## Work task
Your job is to set down the stretch of entries that opens with the line containing "Building Photo - 43 Shore Rd" and closes with the line containing "Candy__Girll18's cam snapshot". Keep both end lines, copy each exactly, and add nothing.

### Task inputs ###

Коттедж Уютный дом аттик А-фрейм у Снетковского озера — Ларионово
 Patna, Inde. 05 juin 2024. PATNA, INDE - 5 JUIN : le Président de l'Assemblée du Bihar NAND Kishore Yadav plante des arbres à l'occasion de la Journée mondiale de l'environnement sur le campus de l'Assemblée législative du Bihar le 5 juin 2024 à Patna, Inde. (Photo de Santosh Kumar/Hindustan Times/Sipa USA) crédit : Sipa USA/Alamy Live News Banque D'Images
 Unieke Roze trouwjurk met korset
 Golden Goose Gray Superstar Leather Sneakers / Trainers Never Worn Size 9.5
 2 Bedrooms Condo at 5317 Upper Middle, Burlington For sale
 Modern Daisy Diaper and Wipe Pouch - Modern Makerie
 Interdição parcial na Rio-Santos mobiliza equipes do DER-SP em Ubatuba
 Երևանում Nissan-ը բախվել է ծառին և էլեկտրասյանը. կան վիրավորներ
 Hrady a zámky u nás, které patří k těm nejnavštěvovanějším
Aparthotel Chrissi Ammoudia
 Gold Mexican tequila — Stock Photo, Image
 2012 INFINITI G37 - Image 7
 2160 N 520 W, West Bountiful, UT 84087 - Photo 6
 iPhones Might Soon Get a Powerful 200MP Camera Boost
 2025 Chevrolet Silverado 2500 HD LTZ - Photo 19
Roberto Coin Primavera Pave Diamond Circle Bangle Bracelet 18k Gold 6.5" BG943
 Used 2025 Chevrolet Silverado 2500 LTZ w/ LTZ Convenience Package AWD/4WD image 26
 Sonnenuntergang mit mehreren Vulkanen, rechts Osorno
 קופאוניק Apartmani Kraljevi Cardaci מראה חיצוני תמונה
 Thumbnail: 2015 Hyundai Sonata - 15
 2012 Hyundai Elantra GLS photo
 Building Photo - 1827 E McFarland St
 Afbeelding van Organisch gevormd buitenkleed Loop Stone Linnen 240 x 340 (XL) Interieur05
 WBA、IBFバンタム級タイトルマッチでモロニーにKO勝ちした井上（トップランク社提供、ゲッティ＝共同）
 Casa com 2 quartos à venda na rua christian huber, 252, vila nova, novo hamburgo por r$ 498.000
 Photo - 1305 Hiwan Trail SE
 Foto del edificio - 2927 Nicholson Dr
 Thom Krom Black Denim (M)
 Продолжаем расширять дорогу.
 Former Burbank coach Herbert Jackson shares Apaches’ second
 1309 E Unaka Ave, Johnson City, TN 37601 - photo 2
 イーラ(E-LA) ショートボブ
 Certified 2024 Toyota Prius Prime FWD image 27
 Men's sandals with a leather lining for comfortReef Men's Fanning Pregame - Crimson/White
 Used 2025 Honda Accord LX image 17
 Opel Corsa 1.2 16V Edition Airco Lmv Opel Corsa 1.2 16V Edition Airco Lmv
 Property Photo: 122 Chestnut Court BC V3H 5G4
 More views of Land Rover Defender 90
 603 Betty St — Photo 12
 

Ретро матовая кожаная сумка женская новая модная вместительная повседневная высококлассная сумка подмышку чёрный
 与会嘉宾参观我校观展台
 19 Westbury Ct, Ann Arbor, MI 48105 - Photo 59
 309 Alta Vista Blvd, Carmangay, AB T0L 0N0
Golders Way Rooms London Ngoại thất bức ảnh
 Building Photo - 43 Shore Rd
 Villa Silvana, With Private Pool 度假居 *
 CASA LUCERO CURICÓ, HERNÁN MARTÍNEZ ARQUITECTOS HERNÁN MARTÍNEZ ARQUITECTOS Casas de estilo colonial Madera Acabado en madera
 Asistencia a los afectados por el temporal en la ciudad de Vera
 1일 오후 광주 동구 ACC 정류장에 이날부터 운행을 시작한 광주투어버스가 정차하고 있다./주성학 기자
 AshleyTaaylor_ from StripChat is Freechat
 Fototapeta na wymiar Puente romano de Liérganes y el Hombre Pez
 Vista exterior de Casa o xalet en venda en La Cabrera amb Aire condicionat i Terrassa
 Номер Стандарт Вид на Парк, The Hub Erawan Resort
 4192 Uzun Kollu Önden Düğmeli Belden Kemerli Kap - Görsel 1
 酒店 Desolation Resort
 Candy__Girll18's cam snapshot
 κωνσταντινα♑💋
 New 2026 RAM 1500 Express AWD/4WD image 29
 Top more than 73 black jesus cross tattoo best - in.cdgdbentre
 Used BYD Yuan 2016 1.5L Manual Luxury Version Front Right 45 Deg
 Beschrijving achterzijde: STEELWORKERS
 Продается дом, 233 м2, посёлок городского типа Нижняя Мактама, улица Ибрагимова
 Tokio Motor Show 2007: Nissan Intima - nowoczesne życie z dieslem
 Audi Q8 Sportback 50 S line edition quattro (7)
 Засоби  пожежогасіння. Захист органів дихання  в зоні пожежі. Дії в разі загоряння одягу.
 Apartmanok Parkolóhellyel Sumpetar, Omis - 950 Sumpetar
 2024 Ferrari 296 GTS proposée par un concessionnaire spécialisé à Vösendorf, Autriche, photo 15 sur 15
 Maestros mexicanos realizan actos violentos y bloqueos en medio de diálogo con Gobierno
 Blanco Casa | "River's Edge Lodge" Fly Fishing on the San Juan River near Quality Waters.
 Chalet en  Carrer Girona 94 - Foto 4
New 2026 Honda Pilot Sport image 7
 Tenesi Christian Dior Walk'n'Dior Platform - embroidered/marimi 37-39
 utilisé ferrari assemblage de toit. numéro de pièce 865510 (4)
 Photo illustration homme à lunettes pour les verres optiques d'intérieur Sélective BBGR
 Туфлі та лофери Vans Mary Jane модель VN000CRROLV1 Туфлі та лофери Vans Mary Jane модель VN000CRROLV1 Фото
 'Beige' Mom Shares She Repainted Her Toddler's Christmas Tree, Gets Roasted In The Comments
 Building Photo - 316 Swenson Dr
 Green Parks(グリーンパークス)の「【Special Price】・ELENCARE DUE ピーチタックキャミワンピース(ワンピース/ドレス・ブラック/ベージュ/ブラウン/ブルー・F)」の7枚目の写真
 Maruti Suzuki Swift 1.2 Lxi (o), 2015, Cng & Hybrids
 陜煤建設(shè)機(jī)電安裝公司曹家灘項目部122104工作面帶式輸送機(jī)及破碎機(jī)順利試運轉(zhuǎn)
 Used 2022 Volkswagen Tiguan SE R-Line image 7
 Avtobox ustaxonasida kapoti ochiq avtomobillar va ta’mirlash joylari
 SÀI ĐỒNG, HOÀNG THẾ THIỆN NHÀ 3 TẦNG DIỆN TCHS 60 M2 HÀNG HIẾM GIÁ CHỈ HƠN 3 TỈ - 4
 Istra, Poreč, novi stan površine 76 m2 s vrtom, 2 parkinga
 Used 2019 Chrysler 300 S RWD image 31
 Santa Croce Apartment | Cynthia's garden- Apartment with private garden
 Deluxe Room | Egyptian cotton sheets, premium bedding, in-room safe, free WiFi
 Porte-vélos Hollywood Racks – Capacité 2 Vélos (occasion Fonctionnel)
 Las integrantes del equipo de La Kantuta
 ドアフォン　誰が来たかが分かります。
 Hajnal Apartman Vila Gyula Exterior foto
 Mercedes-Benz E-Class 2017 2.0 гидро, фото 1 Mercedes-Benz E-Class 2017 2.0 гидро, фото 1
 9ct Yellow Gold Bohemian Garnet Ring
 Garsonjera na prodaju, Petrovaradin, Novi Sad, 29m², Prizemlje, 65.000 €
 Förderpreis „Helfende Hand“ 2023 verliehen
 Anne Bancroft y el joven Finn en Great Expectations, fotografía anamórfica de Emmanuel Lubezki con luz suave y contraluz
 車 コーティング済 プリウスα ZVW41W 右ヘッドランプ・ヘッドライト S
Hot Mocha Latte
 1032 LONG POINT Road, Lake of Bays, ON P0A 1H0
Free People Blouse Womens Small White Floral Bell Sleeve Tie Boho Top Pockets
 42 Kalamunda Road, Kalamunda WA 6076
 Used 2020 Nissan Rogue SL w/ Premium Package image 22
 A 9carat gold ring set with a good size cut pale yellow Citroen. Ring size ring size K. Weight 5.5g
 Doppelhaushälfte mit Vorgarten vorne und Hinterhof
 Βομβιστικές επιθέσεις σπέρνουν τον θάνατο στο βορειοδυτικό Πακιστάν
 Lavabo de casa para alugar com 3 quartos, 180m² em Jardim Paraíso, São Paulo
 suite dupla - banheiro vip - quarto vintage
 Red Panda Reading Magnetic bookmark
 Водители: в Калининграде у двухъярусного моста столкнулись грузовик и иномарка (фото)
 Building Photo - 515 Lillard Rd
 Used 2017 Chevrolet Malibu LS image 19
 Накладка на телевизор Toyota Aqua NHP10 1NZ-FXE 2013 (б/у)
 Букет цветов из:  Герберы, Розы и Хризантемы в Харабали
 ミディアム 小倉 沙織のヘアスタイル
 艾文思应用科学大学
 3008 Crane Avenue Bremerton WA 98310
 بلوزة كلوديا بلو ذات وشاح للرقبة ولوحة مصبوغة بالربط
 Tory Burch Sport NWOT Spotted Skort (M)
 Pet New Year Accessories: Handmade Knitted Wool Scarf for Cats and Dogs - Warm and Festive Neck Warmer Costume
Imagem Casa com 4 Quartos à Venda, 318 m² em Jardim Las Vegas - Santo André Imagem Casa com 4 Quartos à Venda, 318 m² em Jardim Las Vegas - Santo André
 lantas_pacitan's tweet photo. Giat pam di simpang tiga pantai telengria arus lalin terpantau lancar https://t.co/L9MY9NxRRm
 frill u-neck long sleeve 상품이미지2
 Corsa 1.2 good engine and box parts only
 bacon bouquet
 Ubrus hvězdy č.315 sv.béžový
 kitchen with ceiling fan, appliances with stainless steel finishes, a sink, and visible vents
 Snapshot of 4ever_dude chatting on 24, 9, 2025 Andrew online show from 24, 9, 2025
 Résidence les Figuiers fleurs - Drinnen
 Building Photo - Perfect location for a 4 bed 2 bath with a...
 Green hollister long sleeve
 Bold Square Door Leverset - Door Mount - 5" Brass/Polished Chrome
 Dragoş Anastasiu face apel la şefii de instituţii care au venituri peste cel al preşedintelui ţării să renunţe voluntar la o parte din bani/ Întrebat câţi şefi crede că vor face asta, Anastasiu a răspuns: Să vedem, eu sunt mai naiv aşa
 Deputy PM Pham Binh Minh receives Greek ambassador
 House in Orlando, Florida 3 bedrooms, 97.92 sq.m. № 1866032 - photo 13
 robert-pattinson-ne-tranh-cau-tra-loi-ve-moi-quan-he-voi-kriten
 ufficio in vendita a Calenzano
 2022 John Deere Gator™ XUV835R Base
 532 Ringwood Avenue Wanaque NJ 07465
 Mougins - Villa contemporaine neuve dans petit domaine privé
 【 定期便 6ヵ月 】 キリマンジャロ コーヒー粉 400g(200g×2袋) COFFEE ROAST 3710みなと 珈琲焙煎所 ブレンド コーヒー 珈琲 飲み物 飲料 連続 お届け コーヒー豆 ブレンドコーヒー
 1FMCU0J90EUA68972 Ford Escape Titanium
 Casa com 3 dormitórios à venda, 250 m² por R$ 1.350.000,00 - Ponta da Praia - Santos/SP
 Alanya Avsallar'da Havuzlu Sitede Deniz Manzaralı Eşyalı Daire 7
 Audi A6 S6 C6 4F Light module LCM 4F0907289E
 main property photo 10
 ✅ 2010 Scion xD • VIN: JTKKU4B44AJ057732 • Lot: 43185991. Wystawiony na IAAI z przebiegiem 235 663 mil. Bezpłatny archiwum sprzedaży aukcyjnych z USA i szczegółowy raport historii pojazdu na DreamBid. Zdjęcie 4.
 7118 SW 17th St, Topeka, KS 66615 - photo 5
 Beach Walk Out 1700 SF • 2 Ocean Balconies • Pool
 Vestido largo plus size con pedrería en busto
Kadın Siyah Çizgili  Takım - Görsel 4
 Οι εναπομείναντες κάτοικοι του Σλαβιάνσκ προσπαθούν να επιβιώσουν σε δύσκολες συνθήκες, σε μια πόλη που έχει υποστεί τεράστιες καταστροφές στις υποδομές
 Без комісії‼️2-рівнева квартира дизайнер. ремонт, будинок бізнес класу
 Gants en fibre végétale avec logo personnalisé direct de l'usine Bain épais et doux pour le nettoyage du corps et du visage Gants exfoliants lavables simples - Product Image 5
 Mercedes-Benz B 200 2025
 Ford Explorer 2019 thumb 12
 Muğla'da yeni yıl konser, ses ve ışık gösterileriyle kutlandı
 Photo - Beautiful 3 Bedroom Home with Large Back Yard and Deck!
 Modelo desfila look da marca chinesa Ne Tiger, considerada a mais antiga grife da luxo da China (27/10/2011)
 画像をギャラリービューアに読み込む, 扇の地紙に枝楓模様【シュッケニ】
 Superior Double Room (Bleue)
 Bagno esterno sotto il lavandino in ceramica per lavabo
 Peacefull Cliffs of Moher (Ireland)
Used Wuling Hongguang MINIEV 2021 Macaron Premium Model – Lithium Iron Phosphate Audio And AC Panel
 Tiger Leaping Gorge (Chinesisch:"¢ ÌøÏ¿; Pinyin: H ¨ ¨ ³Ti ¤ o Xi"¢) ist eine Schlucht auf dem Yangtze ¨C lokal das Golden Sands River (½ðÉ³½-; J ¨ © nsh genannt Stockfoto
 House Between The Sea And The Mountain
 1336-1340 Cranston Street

###

## Exercise solution
 Building Photo - 43 Shore Rd
 Villa Silvana, With Private Pool 度假居 *
 CASA LUCERO CURICÓ, HERNÁN MARTÍNEZ ARQUITECTOS HERNÁN MARTÍNEZ ARQUITECTOS Casas de estilo colonial Madera Acabado en madera
 Asistencia a los afectados por el temporal en la ciudad de Vera
 1일 오후 광주 동구 ACC 정류장에 이날부터 운행을 시작한 광주투어버스가 정차하고 있다./주성학 기자
 AshleyTaaylor_ from StripChat is Freechat
 Fototapeta na wymiar Puente romano de Liérganes y el Hombre Pez
 Vista exterior de Casa o xalet en venda en La Cabrera amb Aire condicionat i Terrassa
 Номер Стандарт Вид на Парк, The Hub Erawan Resort
 4192 Uzun Kollu Önden Düğmeli Belden Kemerli Kap - Görsel 1
 酒店 Desolation Resort
 Candy__Girll18's cam snapshot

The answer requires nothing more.